Citation: Medema MH, van Wezel GP (2025) New solutions for antibiotic discovery: Prioritizing microbial biosynthetic space using ecology and machine learning. PLoS Biol 23(2): e3003058. https://doi.org/10.1371/journal.pbio.3003058
Published: February 28, 2025
Copyright: © 2025 Medema, van Wezel. This is an open access article distributed under the terms of the Creative Commons Attribution License, which permits unrestricted use, distribution, and reproduction in any medium, provided the original author and source are credited.
Funding: The authors received no specific funding for this work.
Competing interests: The authors have declared that no competing interests exist.
Antibiotics have made a huge contribution to the extension of human life span. However, antimicrobial resistance (AMR) is making existing antibiotics ineffective. At the same time, lack of new antibiotic classes and limited commercial incentives frustrate antibiotic research and development. The converging problems of AMR and a nearly empty discovery pipeline form an impending crisis, often referred to as the “silent pandemic”, which may cause 10 million deaths annually by 2050 [1]. Microorganisms produce a wealth of bioactive secondary metabolites, many of which are used in the clinic. However, no new antibiotics have entered the market since daptomycin was introduced in 2003. One major bottleneck is that of replication, in other words, the fact that antibiotic discovery pipelines lead to rediscovery of the same compounds. Then the question is, can we still find new chemical entities that will serve as the drugs of the future? The answer is as simple as it is complicated: if we are to discover new classes of antibiotics, we need to do things that have not been done before.
Whole genome sequencing has revealed that genomes of Actinobacteria contain dozens of biosynthetic gene clusters (BGCs) that encode the synthesis of natural products [2]. Bioinformatic tools such as antiSMASH allow the automated identification of these BGCs and prediction of the classes of molecules they produce. Millions of BGCs have been sequenced that encode the biosynthesis of many thousands of natural product scaffolds, and a recent study estimated that only some 3% of the natural product structural classes have thus far been experimentally characterized [3]. A major question is how to prioritize from the millions of unknown BGCs and their cognate metabolites. Finding ways to activate cryptic or silent BGCs and the application of artificial intelligence are two promising avenues to address this question.
The control of BGCs is tied to the ecological conditions in which antibiotic production evolved [4]. Understanding the underlying mechanisms may open up completely new biology and chemical diversity. The chemical composition of the bacterial habitat and the interactions with other bacteria, plants or insects are likely major determinants. Hosts harness symbiotic microbial products for protection against diseases; when plants or animals are challenged by infections or pests, their stress signals are perceived by microbes in their microbiome, which respond by producing protective bioactive molecules [5]. Elucidating the triggers and cues that activate BGC expression will allow the development of rational elicitation approaches [4], while high-throughput elicitor screens form an attractive alternative [6].

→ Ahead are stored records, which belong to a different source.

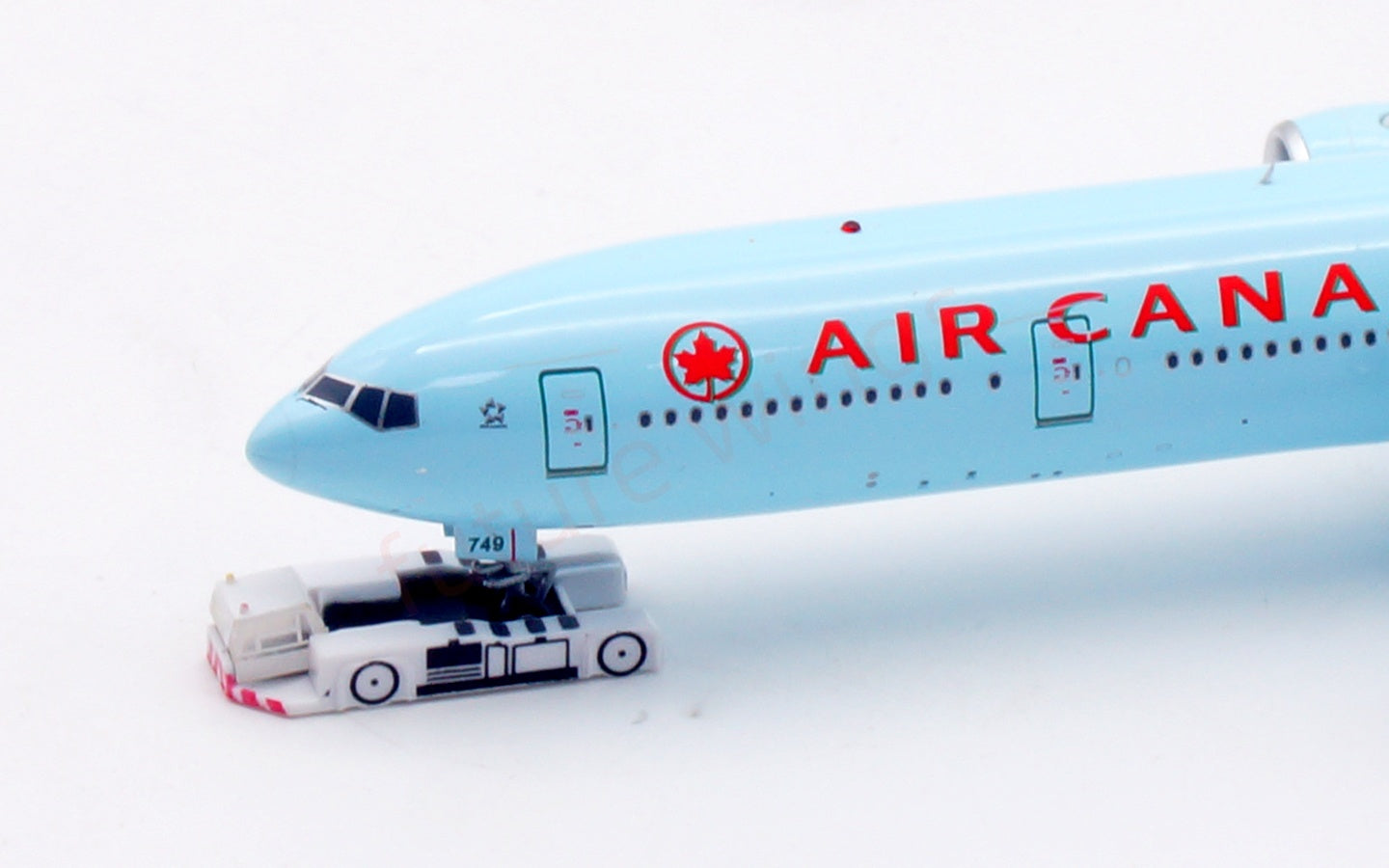 1:400 Aviation400 Air Canada B777-300ER C-FKAU Aircraft Model Free Tractor+Stand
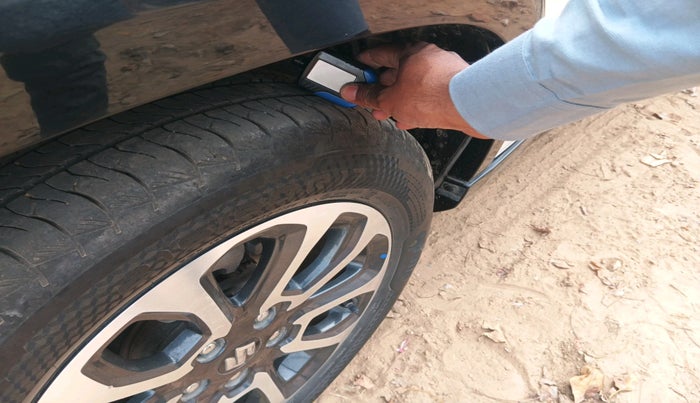 2024 Maruti Grand Vitara ZETA PLUS HYBRID ECVT DUAL TONE, Hybrid, Automatic, 36,030 km, tyre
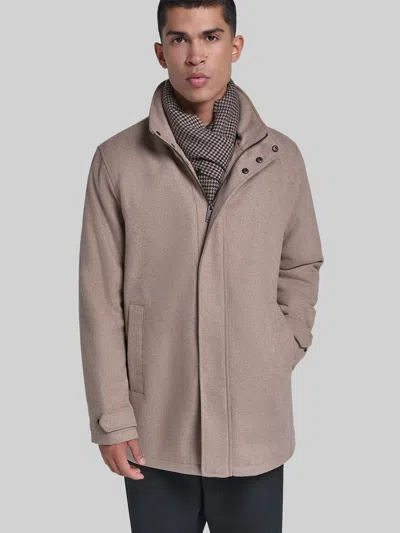 Dockers Walking Coat & Scarf Set In Sand
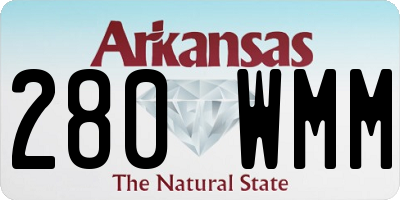 AR license plate 280WMM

To rationally design elicitors and predict what is needed to activate BGCs of interest, we need to vastly expand the knowledge of the transcription factor regulatory networks (TFRNs) in (Actino)bacteria and how they control BGCs. Only about 5% of all TFs have been characterized in model antibiotic producers such as Streptomyces. DNA affinity purification sequencing (DAP-seq) allows generating genome-wide DNA binding profiles of many TFs in high throughput [7] and we expect this technology to hugely expand our knowledge of the TFRNs in Actinobacteria in the coming years. This will accelerate the predictive power of how BGCs are controlled, enabling prediction of how they are activated and thus the characterization of their cognate metabolites. In addition, TFRNs may be harnessed to predict the function of BGCs; for example, the presence of binding sites for the iron master regulator DmdR1 implies that the natural product produced by the BGC is likely to be involved in iron homeostasis [8]. Another way to avoid the regulatory constraints on BGCs is by cloning: placing them under the control of strong and/or artificial promoters, and expressing them in a suitable heterologous host. However, until this procedure is amenable to high(er) throughput, it will only remain applicable to the expression of specific BGCs of interest.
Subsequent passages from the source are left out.